What Makes Comfortboost Work?
In homes, 75% of heat loss occurs in the form of radiant energy escaping through walls, floors and ceilings. Comfortboost acts as a reflector of that energy. As a result, 97% of the heat or cold is reflected back in the direction it came from. This means that floors with the Comfortboost membrane will maintain 97% of the radiant heat energy or air conditioning that would have been lost through the floor.
The Science of Heat Transfer
Heat transfer is the generation, use, conversion, and exchange of thermal energy and heat between physical systems. Heat transfer has the following modes:
Conduction or diffusion- The transfer of energy between objects that are in physical contact
Convection- The transfer of energy between an object and its environment, due to fluid motion
Radiation- The transfer of energy to or from a body by means of the emission or absorption of electromagnetic radiation
Mass transfer- The transfer of energy from one location to another as a side effect of physically moving an object containing that energy
When an object is at a different temperature from another body or its surroundings, heat flows so that the body and the surroundings reach the same temperature, at which point they are in thermal equilibrium. Such spontaneous heat transfer always occurs from a region of high temperature to another region of lower temperature, as required by the second law of thermodynamics.

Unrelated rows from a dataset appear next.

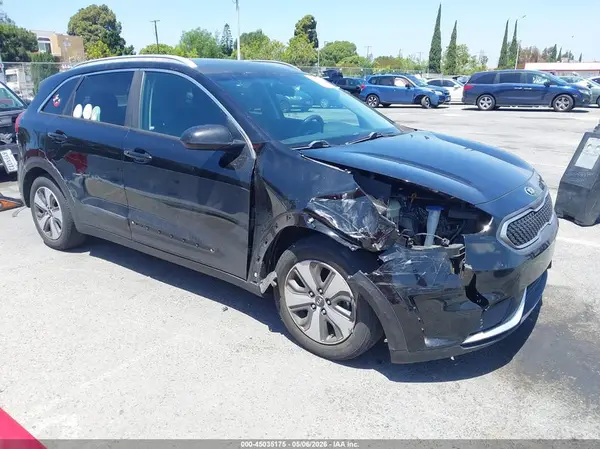 KNDCB3LC7H5043974 2017 KIA NIRO - Image 1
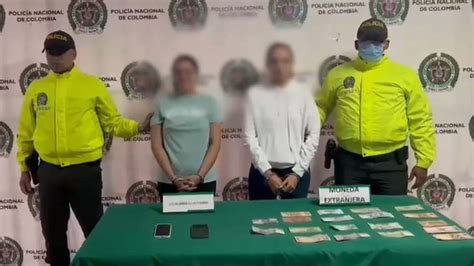 VIDEO Dos Mujeres Fueron Capturadas Por Engatusar Y Robar A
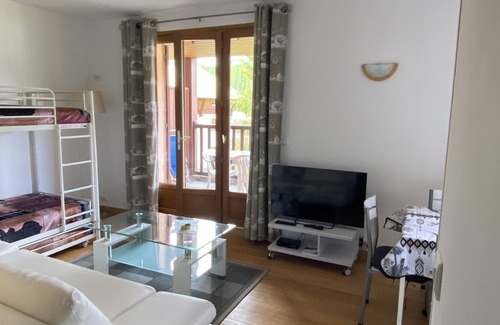 Peone Apartment | Apartment 2 p 6 sleeps comfort in chalet in Valberg. private parking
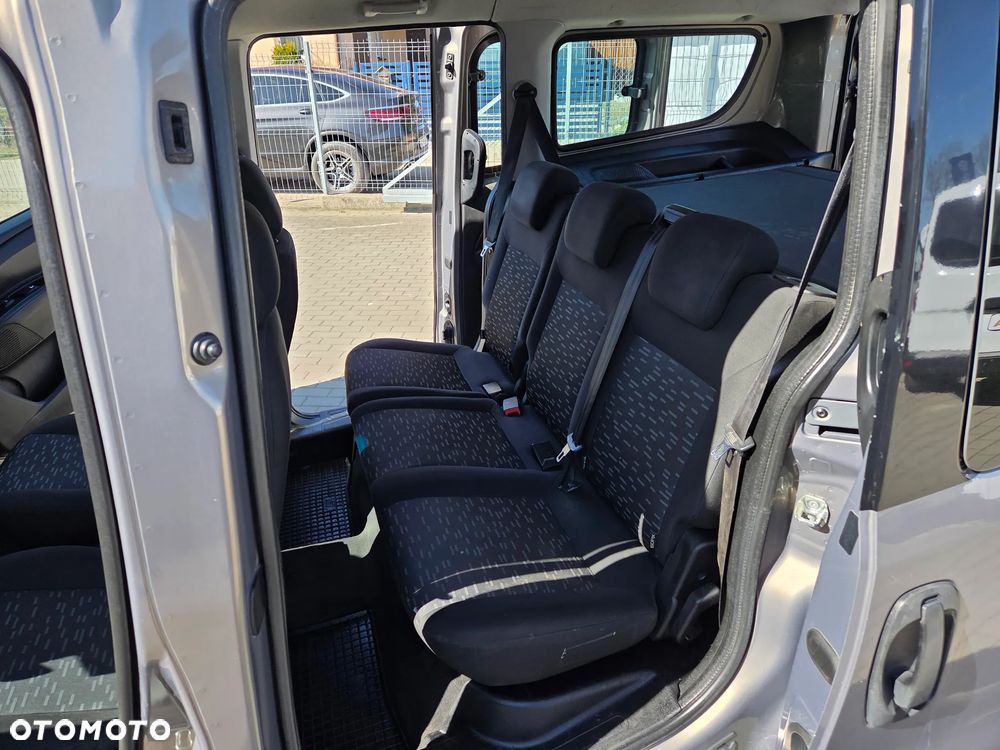 Opel Combo 1.6 CDTI Enjoy - 16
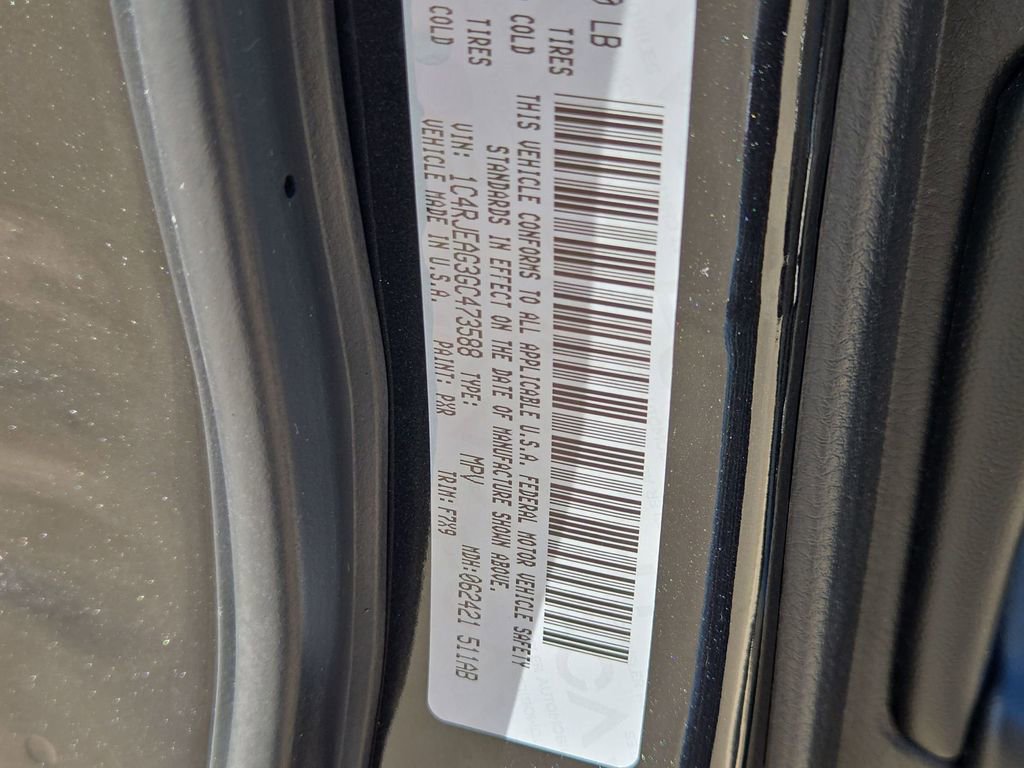 Used 2016 Jeep Grand Cherokee Laredo image 32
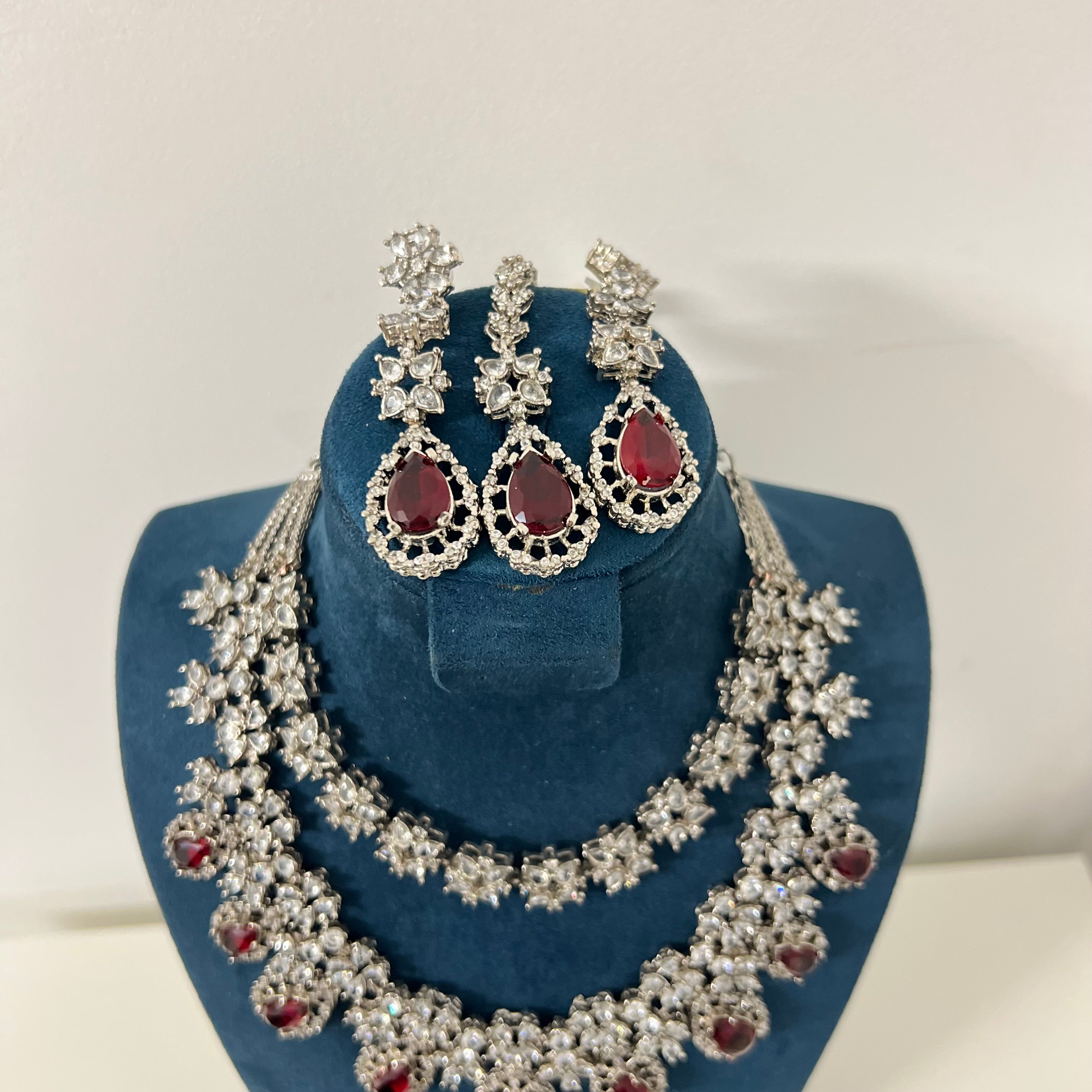 Siana Necklace Set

The final major form of heat transfer is by radiation, which occurs in any transparent medium (solid or fluid) but may also even occur across vacuum (as when the Sun heats the Earth).
Shiny metal surfaces have low emissivity both in the visible wavelengths and in the far infrared. Such surfaces can be used
to reduce heat transfer in both directions; an example of this is the multi-layer insulation used to insulate spacecraft.